A Texas state district judge ordered CPS Energy to pay nearly $400 million to Energy Transfer for natural gas purchased during Winter Storm Uri, rejecting the San Antonio utility's claims of price gouging. Judge Laura Salinas of the Texas 166th District Court issued the final judgment Thursday, ruling that CPS Energy breached its contracts with Energy Transfer's subsidiaries and must pay for gas delivered during the February 2021 storm that left millions of Texans without power.
The judgment requires CPS Energy to pay Energy Transfer more than $263 million plus additional costs, according to reporting cited in the article. Interest on the unpaid amounts totals $119 million, and the utility must also cover $9.3 million in attorney's fees. CPS Energy had sued two Energy Transfer subsidiaries in March 2021, one month after Winter Storm Uri, alleging they used the storm as pretext to price gouge and displayed "predatory behavior." Judge Salinas ruled that the contracts were "not unconscionable" as CPS Energy had alleged and that they must be enforced.
In its 2021 lawsuit, CPS Energy argued that "Texas law abhors attempts to leverage a disaster for profit" and claimed the Energy Transfer subsidiaries engaged in "unlawful and unconscionable price gouging." The utility said the gas it required during Winter Storm Uri "was critical to meet essential human needs for residences and businesses, to save lives, and to prevent substantial damage to property." CPS Energy maintained that it "faced a Hobson's choice: Pay an exorbitant price for gas or run out of the gas supply it needed to power critical infrastructure and serve its gas customers' critical human needs."

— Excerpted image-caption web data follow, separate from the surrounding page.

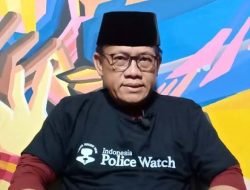 IPW: Hanifah Husein Dizalimi, Kapolri Harus Turun Tangan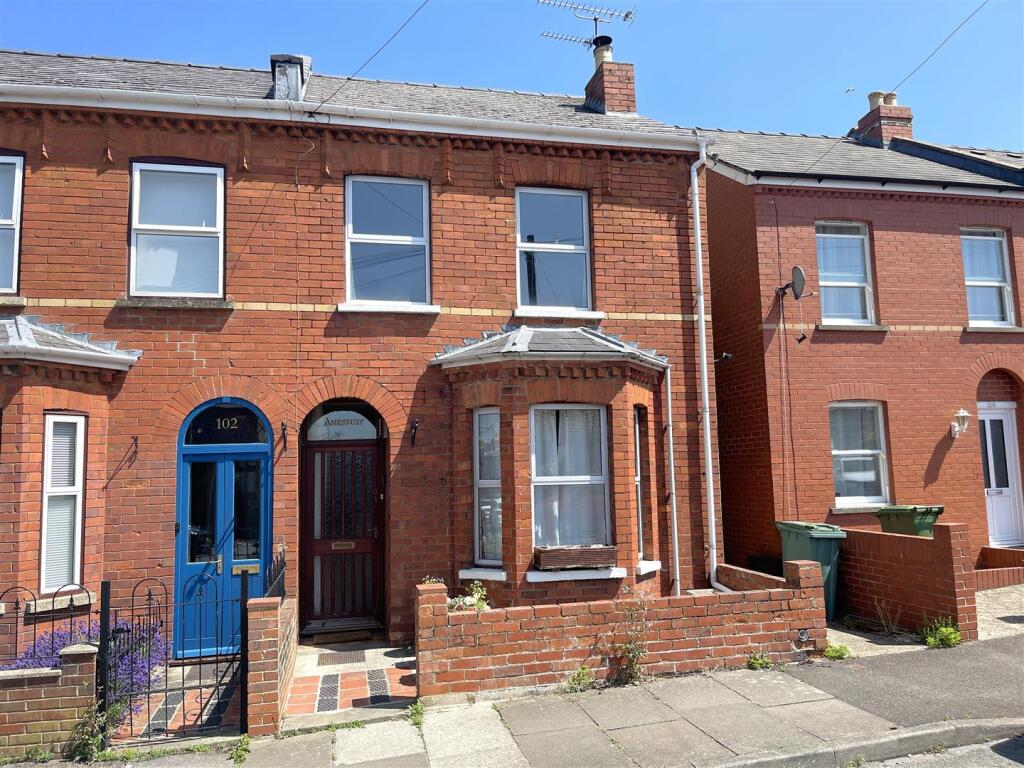 Main image of property: Rosehill Street, Cheltenham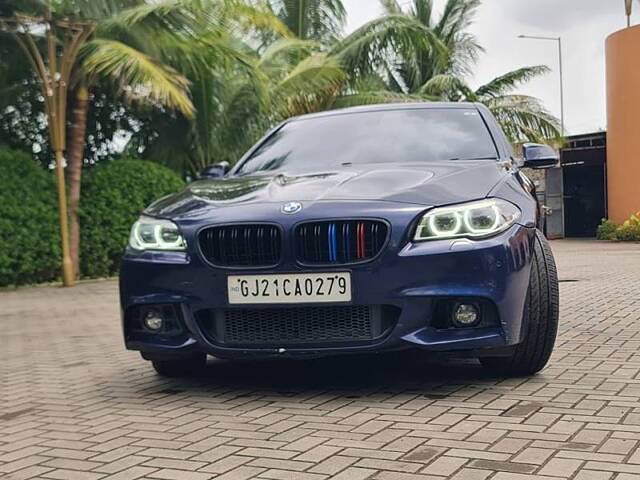 Used 2014 BMW 3 Series GT in Surat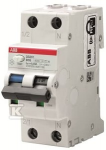 ABB 1P+N, CHA.C, 10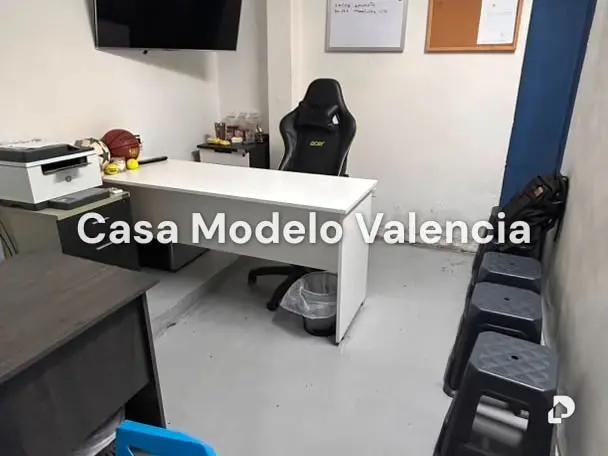 Local comercial en El Viñedo, Valencia – 18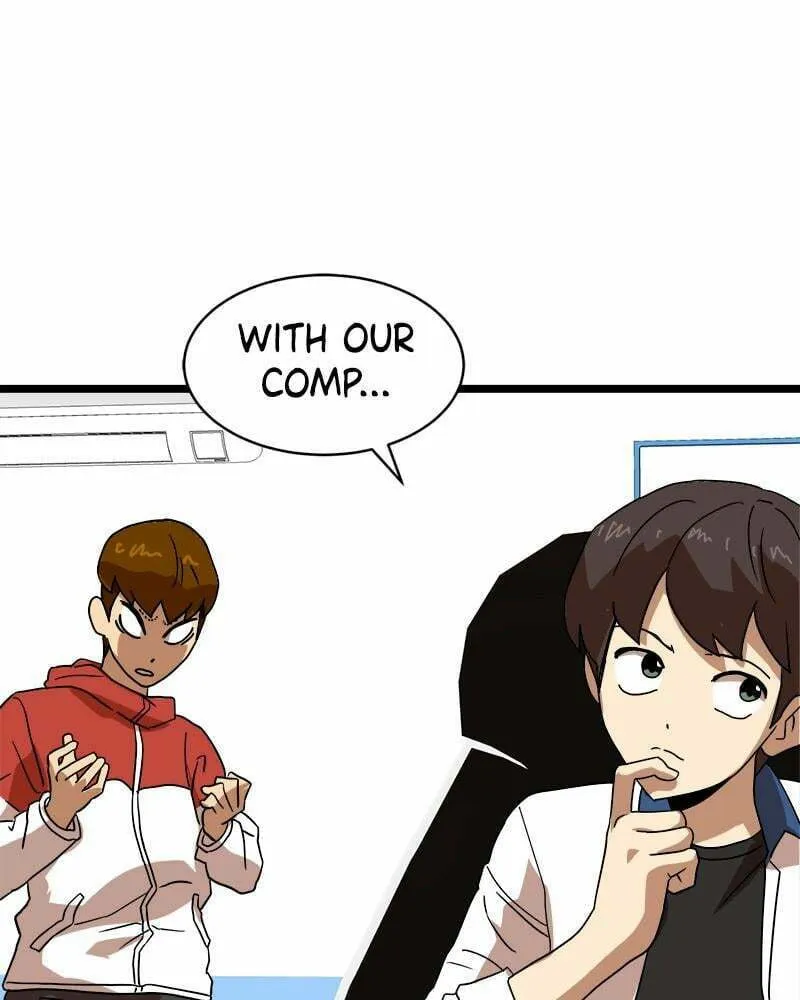 Double Click Chapter 39 page 127 - 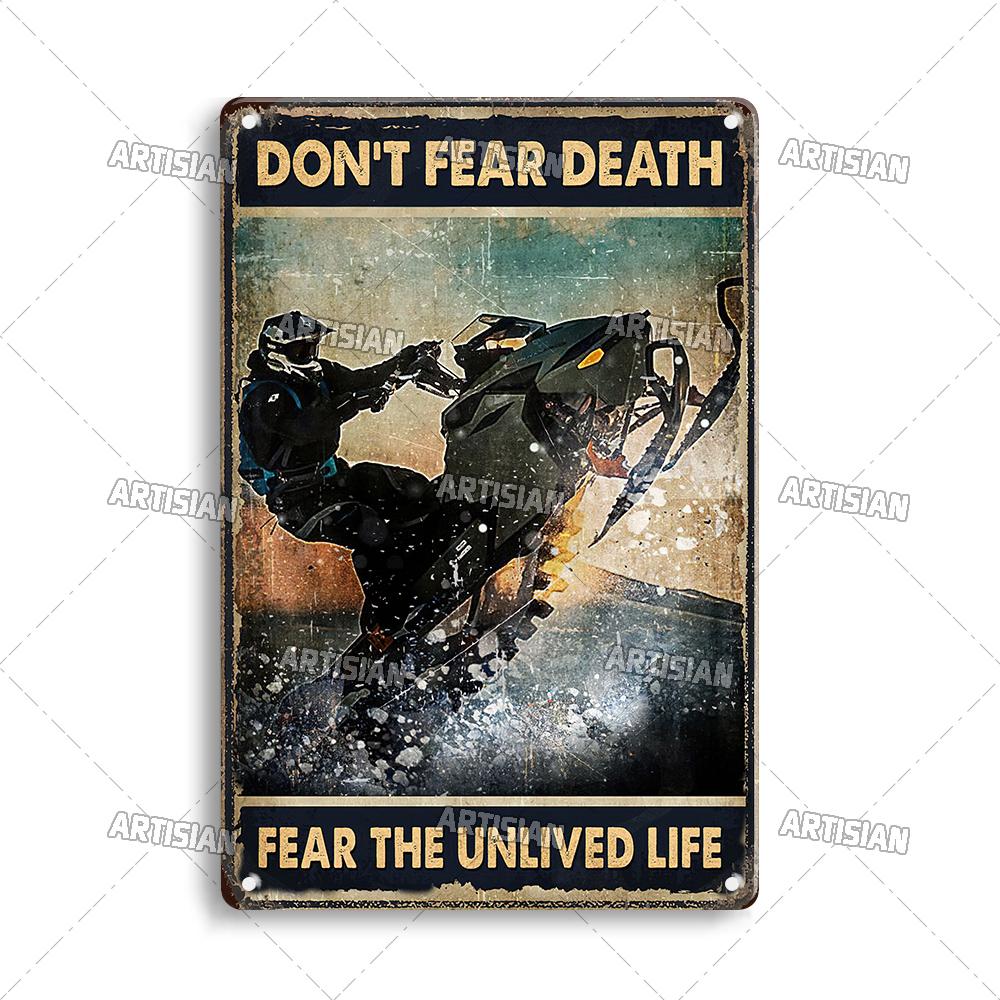 Металлическая табличка "Гребля" от мастера Жестяной плакат "Серфинг" Спортивная декоративная пластина для каякинга Настенный декор Гараж Бар Паб Клуб Отель Кафе Кухня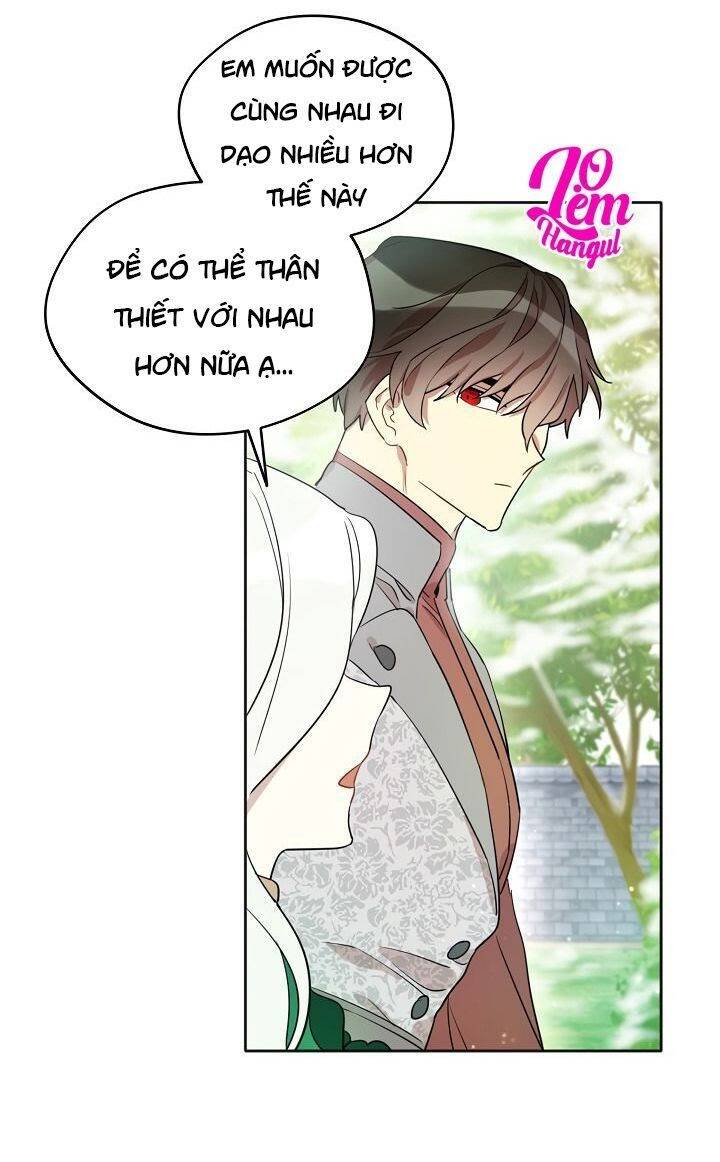 Tôi Là Mẹ Kế Của Nam Chính Chapter 5 - 36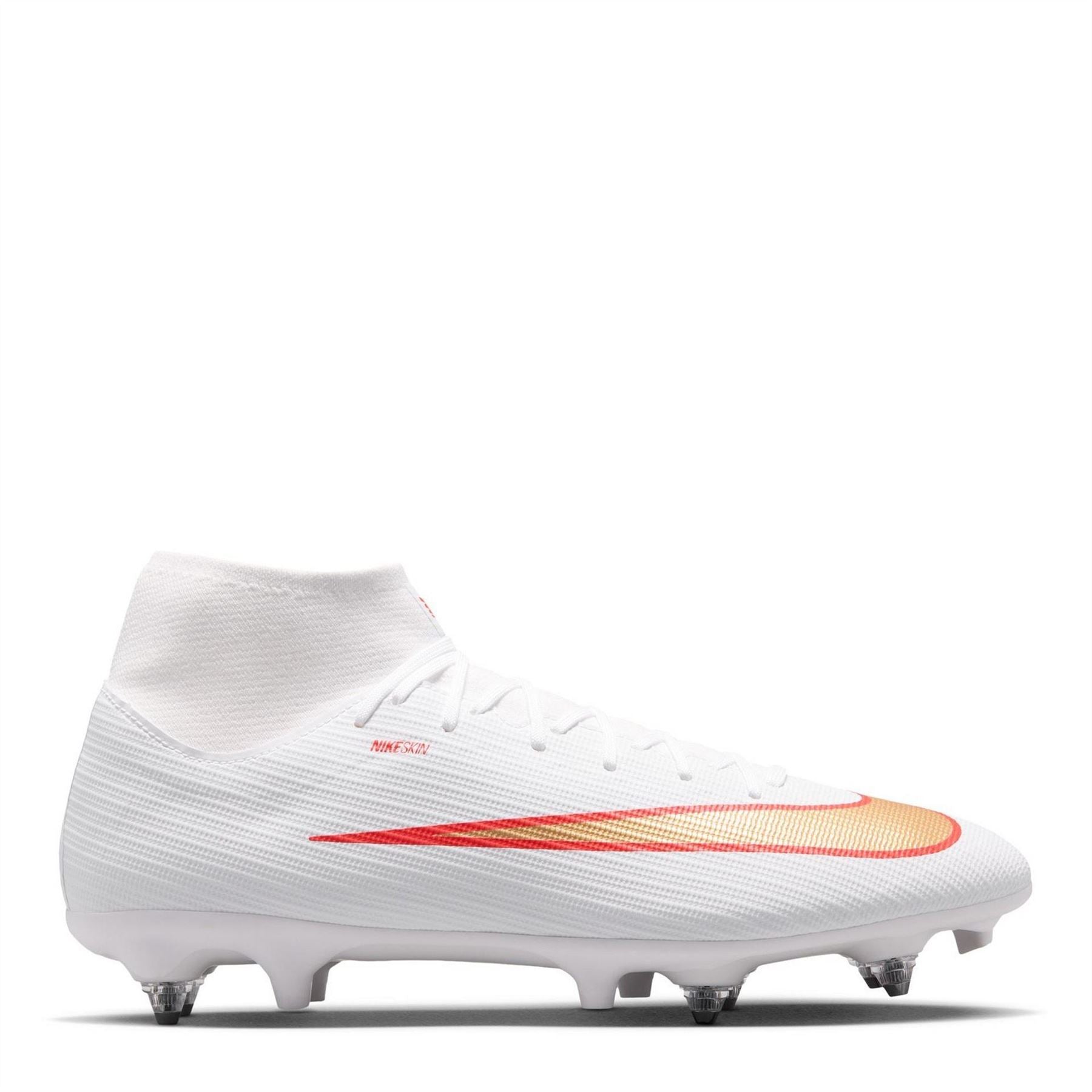 Nike Mercurial Academy Soft Ground Football Boot
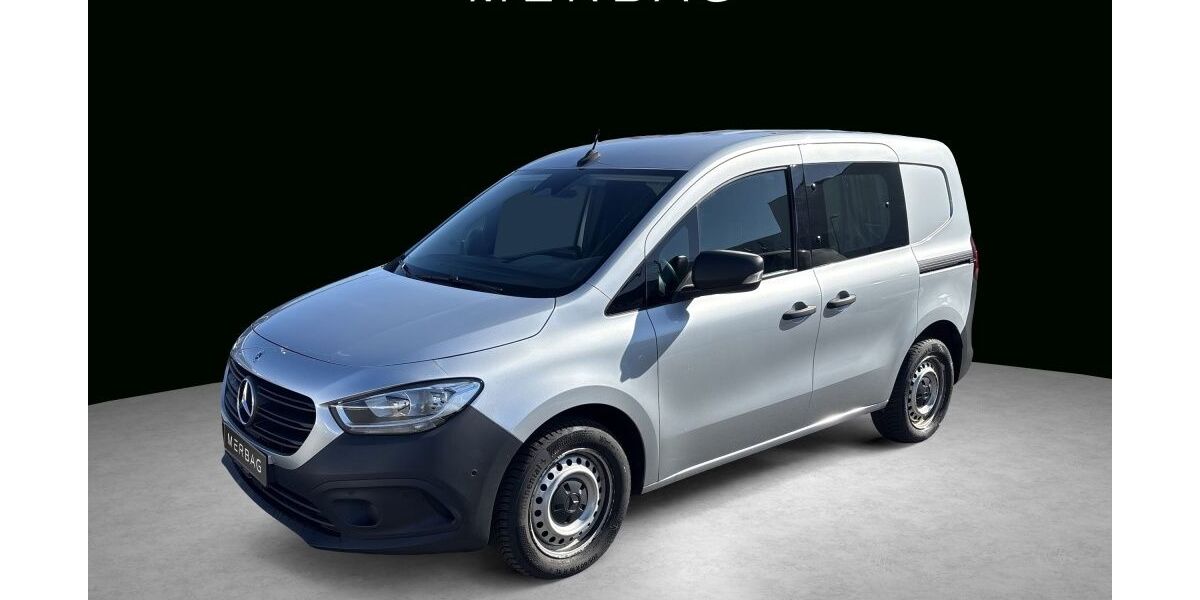 Mercedes-Benz Citan 55.070 km 17.731 &euro; Neuwied 56566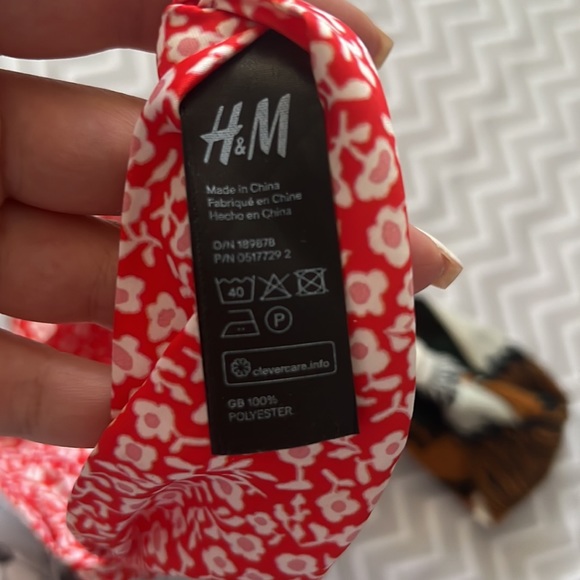 Headbands,H&M, FOREVER21 . - Picture 3 of 4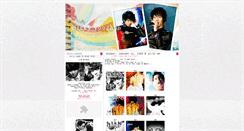 Desktop Screenshot of blurtylife.blogspot.com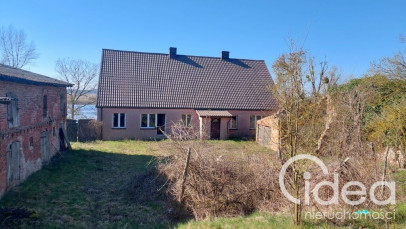 Dom Sprzedaż Widuchowa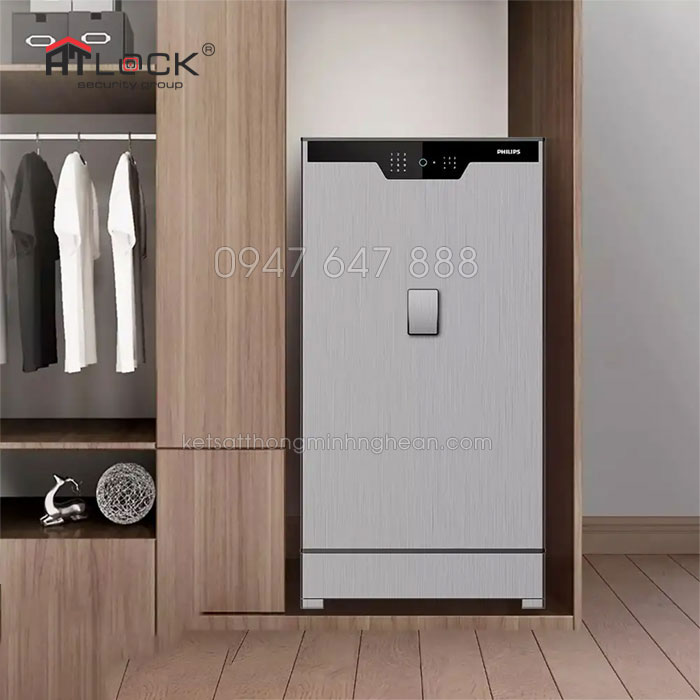 Két sắt Philips SBX702-CBX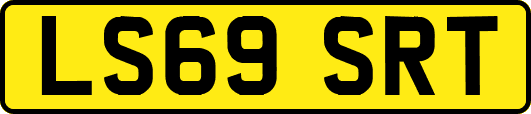 LS69SRT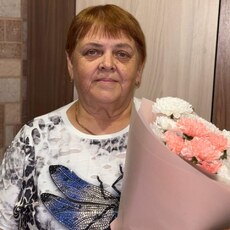 Фотография девушки Наталья, 64 года из г. Белогорск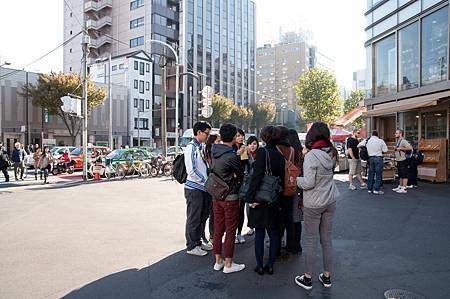 築地市場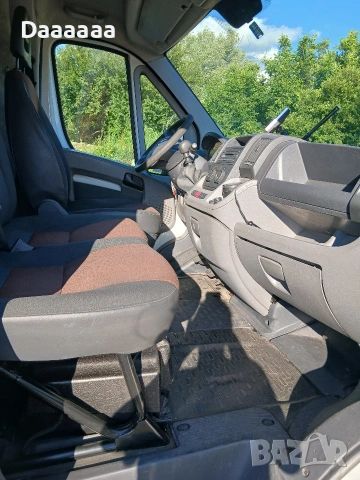 Бус Fiat Dukato, снимка 12 - Бусове и автобуси - 55280725
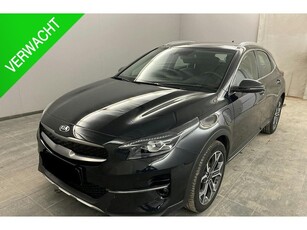 Kia XCeed 1.6 GDi PHEV ExecutiveLine Dodehoek detectie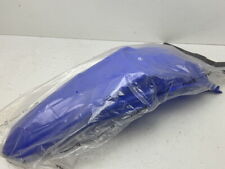 Yamha YZ 125 250 rear fender
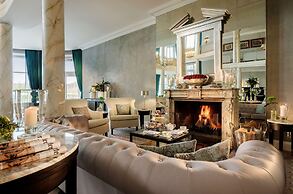 Parkhotel Bremen – ein Mitglied der Hommage Luxury Hotels Collection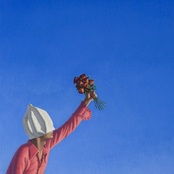 Above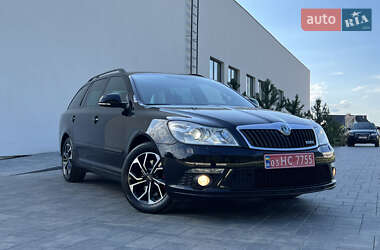 Универсал Skoda Octavia 2012 в Луцке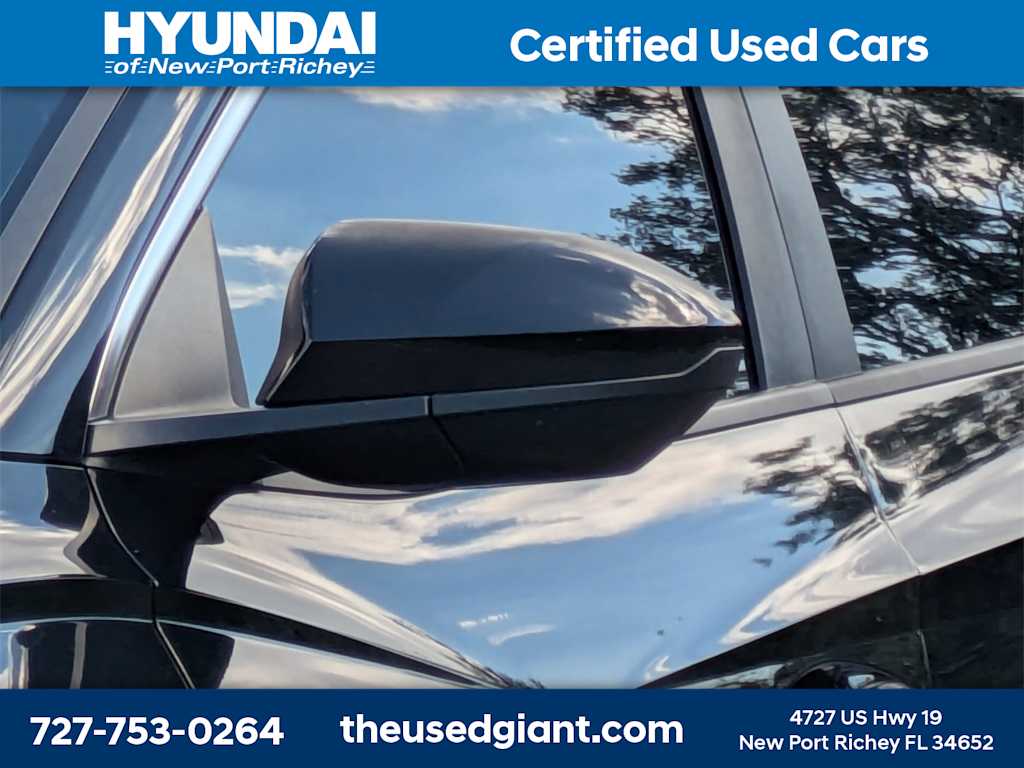 Thumbnail: 2022 Hyundai Tucson - 11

Yetter Coleman, the law firm representing Energy Transfer, countered that evidence showed CPS Energy "failed to adequately prepare for that winter storm season and relied on risky natural gas buying strategies." The firm proved that CPS had ongoing plant failures during the storm that limited its ability to generate electricity, despite having enough gas to serve customers and even sell excess power into the state's wholesale market. The ruling suggests that contractual obligations held firm even during a state disaster, and that utilities can't avoid payment for delivered goods by claiming market conditions made prices unconscionable. CPS Energy now faces a $400 million bill more than five years after the storm that exposed vulnerabilities in Texas's energy infrastructure.